Après avoir passé un certain temps au département traiteur des chefs Michel Hug et Lazare Saguer, Philippe Deslarzes change son fusil d’épaule en intégrant les rangs d’une brigade de cuisine au service de chambre du Beau-Rivage à Ouchy avant de rejoindre les équipes de production du Royal Savoy à Lausanne. Un changement radical de style gastronomique mais qui étoffe son parcours le menant, inconsciemment, tout droit vers l’entreprenariat. « J’ai toujours voulu ajouter des cordes à mon arc. Pas besoin d’être dans le meilleur endroit du monde, cet endroit doit juste m’apporter quelque chose ». Dernier arrêt à l’École Hôtelière de Lausanne avant de dessiner les prémices de son futur restaurant.

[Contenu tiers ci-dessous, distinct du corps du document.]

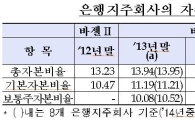 은행지주사, BIS 자본비율↓…'위험자산 급증' 여파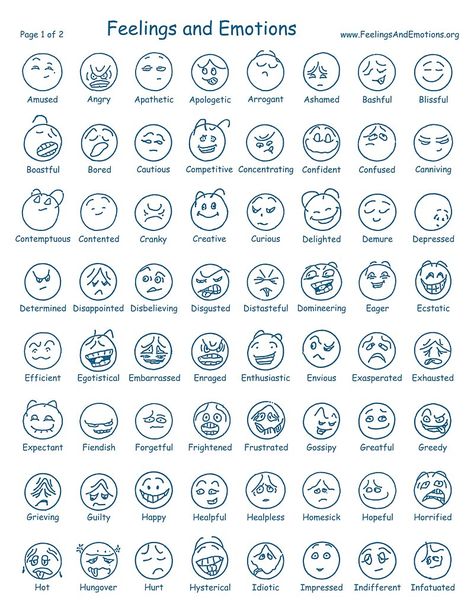 Feelings and Emotions Chart Drawing Ideas, How To Draw Emotions, Feeling And Emotions Activities, Emotion Illustration Feelings, Drawing Emotions Feelings, Emotion Chart Drawing, Doodle Emotions, Emotions List, Emotions Drawing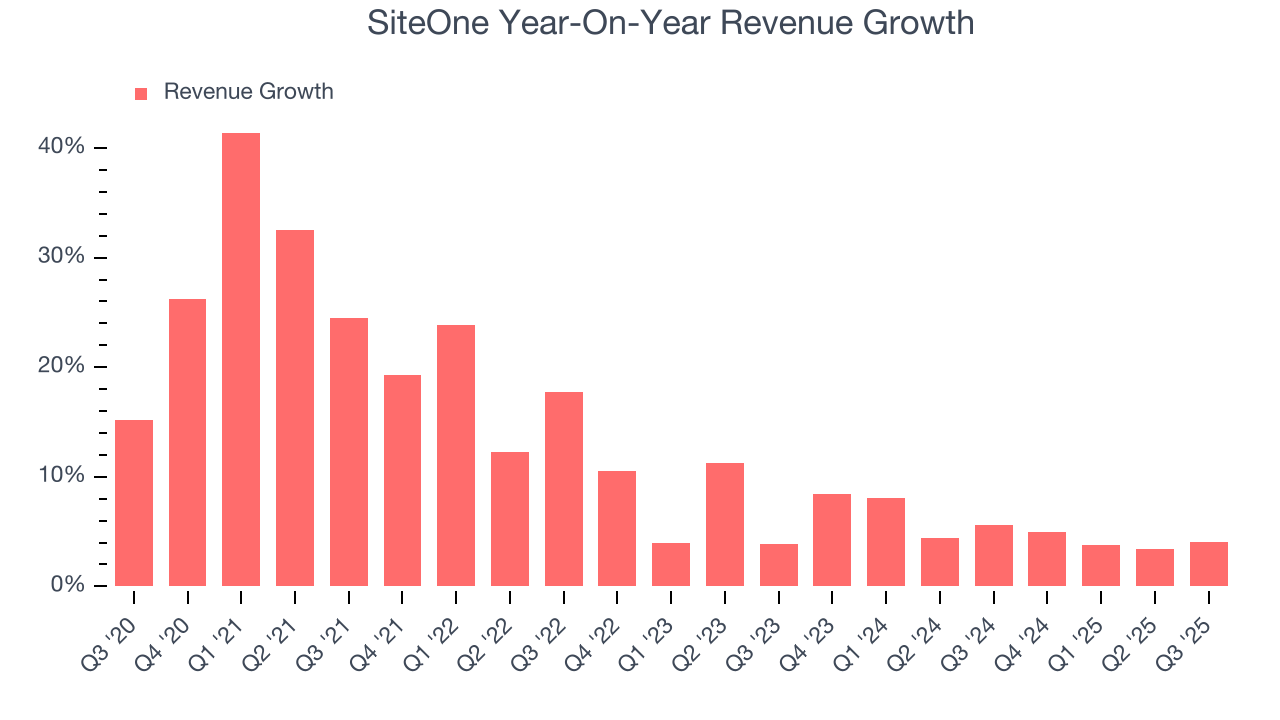 SiteOne Year-On-Year Revenue Growth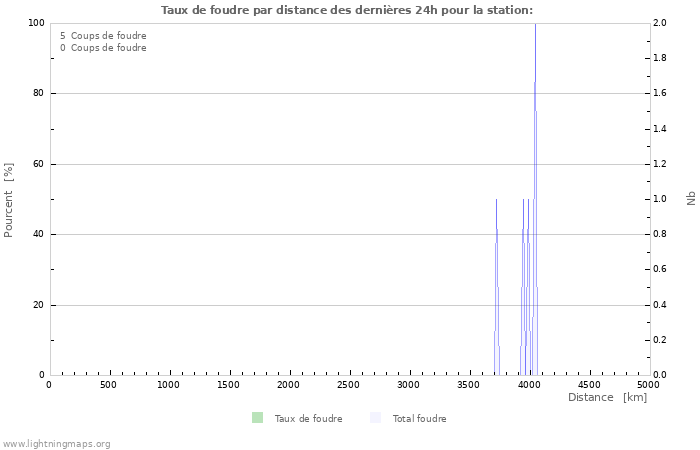 Graphes: Taux de foudre par distance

Tout commence par un crowdfunding qui a fonctionné immédiatement et permis au chef et à son associé Victor Lequet de débloquer des fonds. Le projet de base était un container maritime réaménagé en un restaurant gastronomique pouvant se déplacer. Le concept est à bout touchant de la crise sanitaire, ce qui redistribue les cartes du duo. Philippe Deslarzes ne cède pas à la panique, prend du recul, peaufine son idée gastronomique tout en passant du temps en famille avec son jeune fils. Les deux associés décident alors de trouver un lieu fixe qui puisse accueillir leur concept innovant. « Nous ne voulions surtout pas donner l’impression de surfer sur la vague de la tendance nordique. Nos valeurs sont beaucoup plus profondes ».

Trésors marins

Malgré d’importants travaux dont un carrelage orange à changer, le chef tombe sous le charme d’un nouvel espace à fort potentiel. Au programme, un restaurant gastronomique intimiste au premier étage, une brasserie au rez-de-chaussée et quatre chambres d’hôtel au sein de la bâtisse. Du côté de la cuisine, il s’entête à faire un restaurant exclusivement dédié aux trésors lacustres et marins. Un risque qui s’est avéré être un pari gagné. « Satisfaire une clientèle avide de découvertes est un travail de tous les jours. Mais quelle satisfaction de voir le résultat » confie Philippe Deslarzes. Avec le temps, il continue son chemin avec brio malgré les difficultés liées à la profession. En à peine trois ans d’existence, son restaurant Njørden décroche 16 points au Gault&Millau et une étoile au Guide Michelin. Touché et honoré par de telles distinctions, le chef n’a pas fini de nous surprendre.